The Smart Guy often wears a political intern disguise when obtaining secret information in Washington.
Will the old space shuttles ever be replaced?
Not in the near future…
I managed to gain entrance to closed Senate hearings on the failure of the new $40,000,000,000 Top-Secret space shuttle replacement called the Channel Cat. Shown below for the first time anywhere, moments before it crashed near Galina, Indiana last July while attempting to approach Wright Patterson Air Force Base in Dayton, Ohio, the prototype developed by a private contractor is being called "the dumbest waste of money the taxpayer has ever been forced to endure."
This classified photo shows the prototype Channel Cat Space Shuttle moments before it crashed into a drug van in July 2004.
Five people were killed (three military and two civilians) in the carnage created when the shuttle hit a van trying to escape undercover police during a drug bust.
A police spokesman said the accident was unfortunate, but at least the shuttle did remove two more drug dealers off the streets for good.

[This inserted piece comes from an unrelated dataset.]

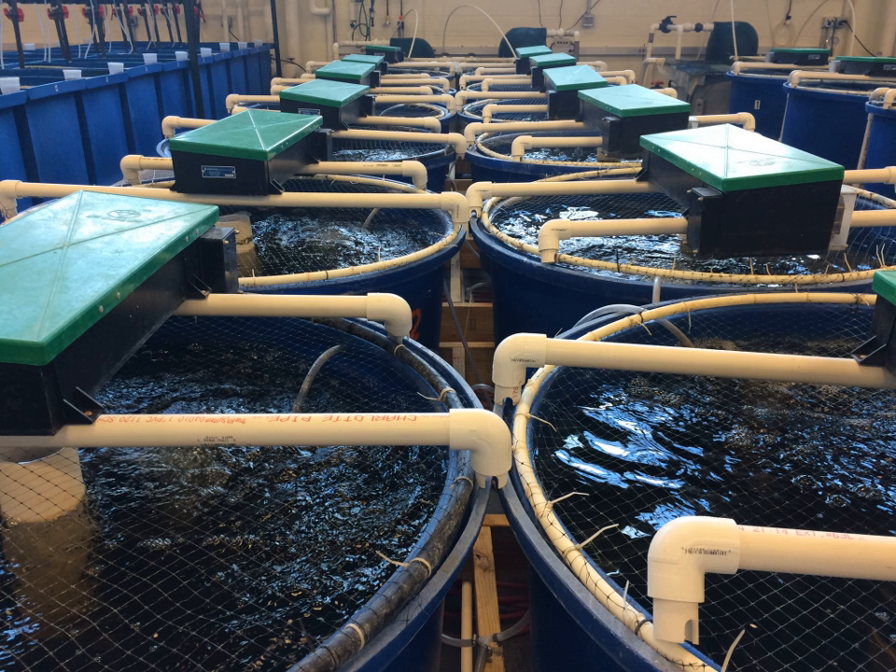In all RAS, pH must be carefully monitored and controlled. The first step of nitrification in the biofilter consumes alkalinity and lowers the pH of the system. Keeping the pH in a suitable range is crucial to maintain the health of both the fish and the biofilter. pH is typically controlled by the addition of alkalinity in the form of lime or sodium hydroxide. A low pH will lead to high levels of dissolved carbon dioxide (CO2), which can prove toxic to fish. pH can also be controlled by degassing CO2 in a packed column or with an aerator, which is especially necessary in intensive systems where oxygenation is used instead of aeration to maintain O2 levels.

The shuttle, attached to a military transport plane, was released at 10,000 feet and its water-cooled, gill-driven, cockpit engines are supposed to kick in at 9,000 feet. The engines failed, according to a witness, farmer Newton Forbish.
"I was standing in my field when I saw this thing coming down. It was quiet. I didn't hear nothing until the explosion. If you ask me, I think they forgot to put the engines in it. Of course, any fool knows something shaped like a catfish can't fly very long."

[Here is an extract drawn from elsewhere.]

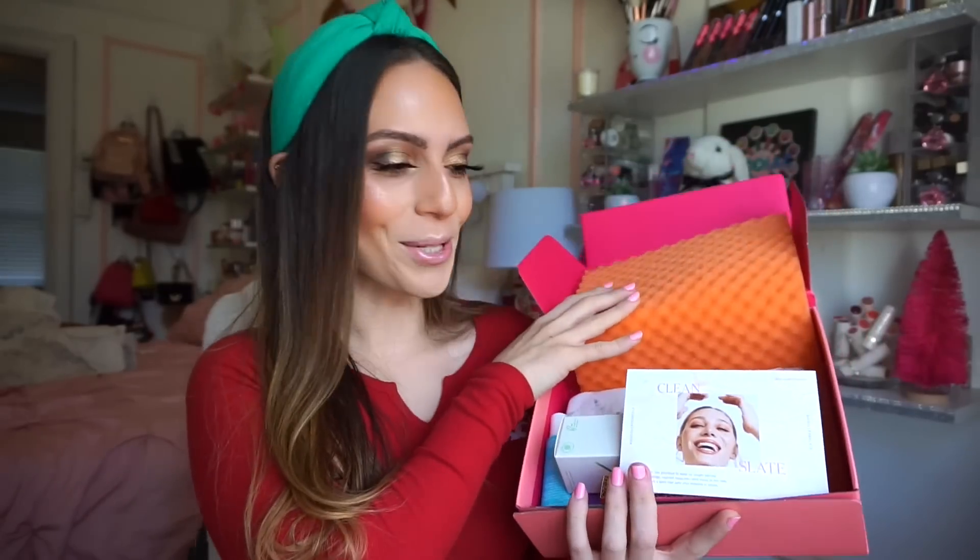Both of these boxes retail for $25 a month, so I figured it would make sense to unbox them together. I kind of want to see what's in BoxyCharm first, but I think we're going to go ahead and open up Ipsy first — just to give Ipsy a moment. Here's what it looks like when you open it up. I haven't peeked; I never peek — I always like to share my excitement with you guys.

The Senate investigation will focus on a long string of useless expenditures including the $20,000,000,000 spent on a new Mexico-constructed communication satellite (pictured below) that didn’t work because of inferior parts, and a failed pill called Swipe that cleans teeth and fixes cavities and eliminates the need for soldiers to carry the weight of a toothbrush into combat. Fraud charges are pending when it was discovered the pill was actually a red sour gumball.
This Mexico-constructed communication satellite was no bargain for the money.
A Senate spokesman said the money could have been better spent on free postage for political fund raising and new government buildings in the DC area. When asked why the money couldn't be refunded to the taxpayer, the Senate spokesman laughed.
"That's dumber than trying to make a catfish fly," he said.